Some smoothbore firearms are still used.
The shotgun fires multiple, non-coaxial projectiles; firing out of a rifled barrel would cause a very high spread resulting in a doughnut-shaped pattern of shot (with a high projectile density on the periphery, and a low projectile density in the interior). While this may be acceptable at close ranges (some spreader chokes are rifled to produce wide patterns at close range) this is not desirable at longer ranges, where a tight, consistent pattern is required to improve accuracy.
Another smoothbore weapon in use today is the 37-mm riot gun, which fires non-lethal munitions at short range at groups of people, where a high degree of accuracy is not required.
The cannon made the transition from smoothbore firing cannonballs to rifled firing shells in the 19th century. In more recent times anti-armour artillery, for example tank guns used for attacking tanks, is moving back to smoothbore.
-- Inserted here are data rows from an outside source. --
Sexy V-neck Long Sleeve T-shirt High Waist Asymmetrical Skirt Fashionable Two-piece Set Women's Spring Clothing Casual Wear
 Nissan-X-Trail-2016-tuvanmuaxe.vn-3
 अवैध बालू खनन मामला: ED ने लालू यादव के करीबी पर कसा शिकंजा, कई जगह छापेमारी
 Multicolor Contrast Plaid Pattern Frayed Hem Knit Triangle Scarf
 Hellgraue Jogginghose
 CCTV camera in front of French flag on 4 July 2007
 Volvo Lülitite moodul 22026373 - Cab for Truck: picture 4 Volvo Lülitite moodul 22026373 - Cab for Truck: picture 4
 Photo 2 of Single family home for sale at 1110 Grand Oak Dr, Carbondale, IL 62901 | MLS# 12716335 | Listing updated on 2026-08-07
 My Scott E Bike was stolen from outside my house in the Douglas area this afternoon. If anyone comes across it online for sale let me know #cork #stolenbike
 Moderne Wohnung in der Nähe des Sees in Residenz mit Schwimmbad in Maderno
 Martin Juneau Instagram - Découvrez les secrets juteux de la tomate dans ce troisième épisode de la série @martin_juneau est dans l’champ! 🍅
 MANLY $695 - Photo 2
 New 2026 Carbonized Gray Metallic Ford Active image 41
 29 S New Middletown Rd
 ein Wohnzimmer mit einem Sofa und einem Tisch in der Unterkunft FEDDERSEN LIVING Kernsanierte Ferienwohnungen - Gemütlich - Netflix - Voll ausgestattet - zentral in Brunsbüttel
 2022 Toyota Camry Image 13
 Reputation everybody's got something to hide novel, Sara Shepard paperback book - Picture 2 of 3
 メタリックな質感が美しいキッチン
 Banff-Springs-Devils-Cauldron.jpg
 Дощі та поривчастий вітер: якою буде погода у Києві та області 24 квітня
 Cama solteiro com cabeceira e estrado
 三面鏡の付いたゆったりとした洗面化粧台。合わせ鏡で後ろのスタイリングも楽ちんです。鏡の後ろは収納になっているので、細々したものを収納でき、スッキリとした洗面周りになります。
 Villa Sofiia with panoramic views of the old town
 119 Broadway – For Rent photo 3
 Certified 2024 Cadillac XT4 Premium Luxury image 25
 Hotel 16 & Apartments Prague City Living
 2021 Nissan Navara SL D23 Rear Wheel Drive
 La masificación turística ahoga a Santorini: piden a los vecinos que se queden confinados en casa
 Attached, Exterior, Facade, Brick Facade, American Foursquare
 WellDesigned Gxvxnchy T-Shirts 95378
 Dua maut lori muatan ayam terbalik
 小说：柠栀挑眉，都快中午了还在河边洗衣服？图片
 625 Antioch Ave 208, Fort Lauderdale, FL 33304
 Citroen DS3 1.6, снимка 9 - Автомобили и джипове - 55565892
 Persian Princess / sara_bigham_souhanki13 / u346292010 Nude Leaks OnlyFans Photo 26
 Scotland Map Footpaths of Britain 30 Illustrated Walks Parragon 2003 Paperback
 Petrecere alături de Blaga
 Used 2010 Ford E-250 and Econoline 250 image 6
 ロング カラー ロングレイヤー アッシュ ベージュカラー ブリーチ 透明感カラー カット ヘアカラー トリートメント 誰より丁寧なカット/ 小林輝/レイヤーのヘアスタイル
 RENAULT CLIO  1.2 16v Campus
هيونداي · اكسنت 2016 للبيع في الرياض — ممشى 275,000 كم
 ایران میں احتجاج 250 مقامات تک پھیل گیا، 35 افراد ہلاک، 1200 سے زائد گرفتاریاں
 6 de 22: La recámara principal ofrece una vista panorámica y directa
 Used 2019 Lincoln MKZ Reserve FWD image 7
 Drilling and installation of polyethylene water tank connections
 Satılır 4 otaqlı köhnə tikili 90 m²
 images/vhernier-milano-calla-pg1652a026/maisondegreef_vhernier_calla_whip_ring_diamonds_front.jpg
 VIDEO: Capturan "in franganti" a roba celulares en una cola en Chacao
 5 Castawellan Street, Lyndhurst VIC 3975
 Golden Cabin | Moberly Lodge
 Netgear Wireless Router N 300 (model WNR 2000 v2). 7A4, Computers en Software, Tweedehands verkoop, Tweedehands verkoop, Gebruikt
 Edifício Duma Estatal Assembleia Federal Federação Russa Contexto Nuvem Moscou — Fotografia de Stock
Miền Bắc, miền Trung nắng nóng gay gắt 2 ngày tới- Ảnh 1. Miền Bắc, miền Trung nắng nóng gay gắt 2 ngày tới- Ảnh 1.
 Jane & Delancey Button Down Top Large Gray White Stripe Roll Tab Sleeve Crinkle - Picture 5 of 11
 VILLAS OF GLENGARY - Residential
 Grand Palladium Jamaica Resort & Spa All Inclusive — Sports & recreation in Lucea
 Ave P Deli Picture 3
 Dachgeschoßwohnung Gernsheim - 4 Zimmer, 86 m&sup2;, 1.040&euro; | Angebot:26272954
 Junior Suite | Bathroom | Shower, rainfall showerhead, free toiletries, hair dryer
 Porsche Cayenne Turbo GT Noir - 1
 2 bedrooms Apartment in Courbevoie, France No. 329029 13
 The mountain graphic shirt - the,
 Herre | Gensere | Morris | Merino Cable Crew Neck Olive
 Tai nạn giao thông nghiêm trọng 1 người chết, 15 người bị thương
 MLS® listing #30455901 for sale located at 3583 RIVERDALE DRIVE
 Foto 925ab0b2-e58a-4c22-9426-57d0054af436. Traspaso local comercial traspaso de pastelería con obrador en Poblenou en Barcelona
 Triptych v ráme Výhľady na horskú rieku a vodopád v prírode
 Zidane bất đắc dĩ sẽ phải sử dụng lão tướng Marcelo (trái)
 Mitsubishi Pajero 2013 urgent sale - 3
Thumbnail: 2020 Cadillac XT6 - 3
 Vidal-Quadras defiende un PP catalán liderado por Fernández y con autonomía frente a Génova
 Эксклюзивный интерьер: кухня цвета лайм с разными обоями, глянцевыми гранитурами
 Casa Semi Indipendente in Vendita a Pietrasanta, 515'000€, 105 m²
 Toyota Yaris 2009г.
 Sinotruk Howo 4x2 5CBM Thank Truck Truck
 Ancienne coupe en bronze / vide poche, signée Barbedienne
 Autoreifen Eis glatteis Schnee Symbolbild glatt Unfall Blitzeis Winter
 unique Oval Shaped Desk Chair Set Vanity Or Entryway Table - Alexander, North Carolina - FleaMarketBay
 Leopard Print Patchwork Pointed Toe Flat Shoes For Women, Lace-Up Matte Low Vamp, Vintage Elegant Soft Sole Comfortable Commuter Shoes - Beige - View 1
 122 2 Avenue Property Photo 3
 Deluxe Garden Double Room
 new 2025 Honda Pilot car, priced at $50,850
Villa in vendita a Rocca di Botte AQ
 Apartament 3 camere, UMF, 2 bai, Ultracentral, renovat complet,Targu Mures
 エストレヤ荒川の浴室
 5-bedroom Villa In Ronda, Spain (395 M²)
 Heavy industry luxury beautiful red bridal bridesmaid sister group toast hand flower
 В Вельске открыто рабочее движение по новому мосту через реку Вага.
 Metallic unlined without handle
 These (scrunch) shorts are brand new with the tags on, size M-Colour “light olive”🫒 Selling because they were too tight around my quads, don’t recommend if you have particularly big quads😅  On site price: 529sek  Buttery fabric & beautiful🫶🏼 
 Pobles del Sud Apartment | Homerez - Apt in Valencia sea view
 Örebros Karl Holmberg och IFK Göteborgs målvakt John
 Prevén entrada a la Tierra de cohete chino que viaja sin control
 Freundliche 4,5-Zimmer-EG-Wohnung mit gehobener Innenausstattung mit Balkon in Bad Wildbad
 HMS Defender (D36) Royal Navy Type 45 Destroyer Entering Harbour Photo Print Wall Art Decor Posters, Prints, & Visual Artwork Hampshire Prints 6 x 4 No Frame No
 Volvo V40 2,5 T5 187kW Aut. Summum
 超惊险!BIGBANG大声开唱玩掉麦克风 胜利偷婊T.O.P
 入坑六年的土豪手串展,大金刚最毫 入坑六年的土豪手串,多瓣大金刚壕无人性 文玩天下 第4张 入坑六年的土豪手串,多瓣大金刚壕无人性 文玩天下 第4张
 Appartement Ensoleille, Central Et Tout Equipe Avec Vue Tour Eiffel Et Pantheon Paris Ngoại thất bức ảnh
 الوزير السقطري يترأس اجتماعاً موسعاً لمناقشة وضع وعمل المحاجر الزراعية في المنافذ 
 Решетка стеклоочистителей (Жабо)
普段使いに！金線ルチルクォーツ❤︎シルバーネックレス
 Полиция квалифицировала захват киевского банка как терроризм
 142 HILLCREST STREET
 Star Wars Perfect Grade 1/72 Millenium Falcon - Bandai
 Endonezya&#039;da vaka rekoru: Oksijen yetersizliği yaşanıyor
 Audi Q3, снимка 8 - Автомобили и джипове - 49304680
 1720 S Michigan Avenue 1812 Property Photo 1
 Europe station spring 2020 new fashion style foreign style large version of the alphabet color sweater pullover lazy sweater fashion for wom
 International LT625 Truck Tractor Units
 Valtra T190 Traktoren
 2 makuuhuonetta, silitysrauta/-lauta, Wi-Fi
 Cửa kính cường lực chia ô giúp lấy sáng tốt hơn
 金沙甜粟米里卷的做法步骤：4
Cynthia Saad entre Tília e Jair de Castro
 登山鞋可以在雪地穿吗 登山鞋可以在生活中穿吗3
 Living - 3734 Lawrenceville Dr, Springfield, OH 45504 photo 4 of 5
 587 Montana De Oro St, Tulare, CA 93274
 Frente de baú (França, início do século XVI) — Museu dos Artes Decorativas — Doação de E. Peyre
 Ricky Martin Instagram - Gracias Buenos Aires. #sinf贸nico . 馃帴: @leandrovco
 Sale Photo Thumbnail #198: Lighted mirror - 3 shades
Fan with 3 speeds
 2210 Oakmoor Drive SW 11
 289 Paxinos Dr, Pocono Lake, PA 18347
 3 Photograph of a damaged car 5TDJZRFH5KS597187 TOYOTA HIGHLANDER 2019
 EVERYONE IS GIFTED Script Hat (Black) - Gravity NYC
To reliably penetrate the thick armor of modern armored vehicles, a very long, thin kinetic-energy projectile is required. The longer the projectile is in relation to its diameter, the higher the spin rate must be to provide stability. Practical rifling can only stabilize projectiles of a limited length-to-diameter ratio, and these modern rounds are simply too long. These rounds are instead formed into a dart shape, using fins for stabilization (see kinetic energy penetrator for information on how this works). With the fins for stability, rifling is no longer needed, and in fact the spin imparted by rifling would degrade the accuracy of a finned projectile. The first tank with a smoothbore gun was the Soviet T-62, introduced into service in 1961; today all main battle tanks except the British Challenger 2 and Indian Arjun MBT use smoothbore guns. The Russian navy conducted experiments with large-caliber smoothbore naval guns, which were halted by budget cuts.
The armour-piercing gun evolution has also shown up in small arms, particularly the now abandoned U.S. Advanced Combat Rifle (ACR) program. The ACR "rifles" used smoothbore barrels to fire single or multiple flechettes (tiny darts), rather than bullets, per pull of the trigger, to provide long range, flat trajectory, and armor-piercing abilities. Just like kinetic-energy tank rounds, flechettes are too long and thin to be stabilized by rifling and perform best from a smoothbore barrel. The ACR program was abandoned due to reliability problems and poor terminal ballistics.
Mortar barrels are typically muzzle-loading smoothbores. Since mortars fire bombs which are dropped down the barrel and must not be a tight fit, a smooth barrel is essential. The bombs are fin-stabilized.
In the United States, firearms with a rifled barrel and a bore diameter greater than 0.5 inches (12.7 mm) are generally considered to be destructive devices under the National Firearms Act, and therefore heavily regulated, while smaller weapons are not. The exception to this is shotguns with rifled barrels for firing shotgun slugs, such as the Paradox gun.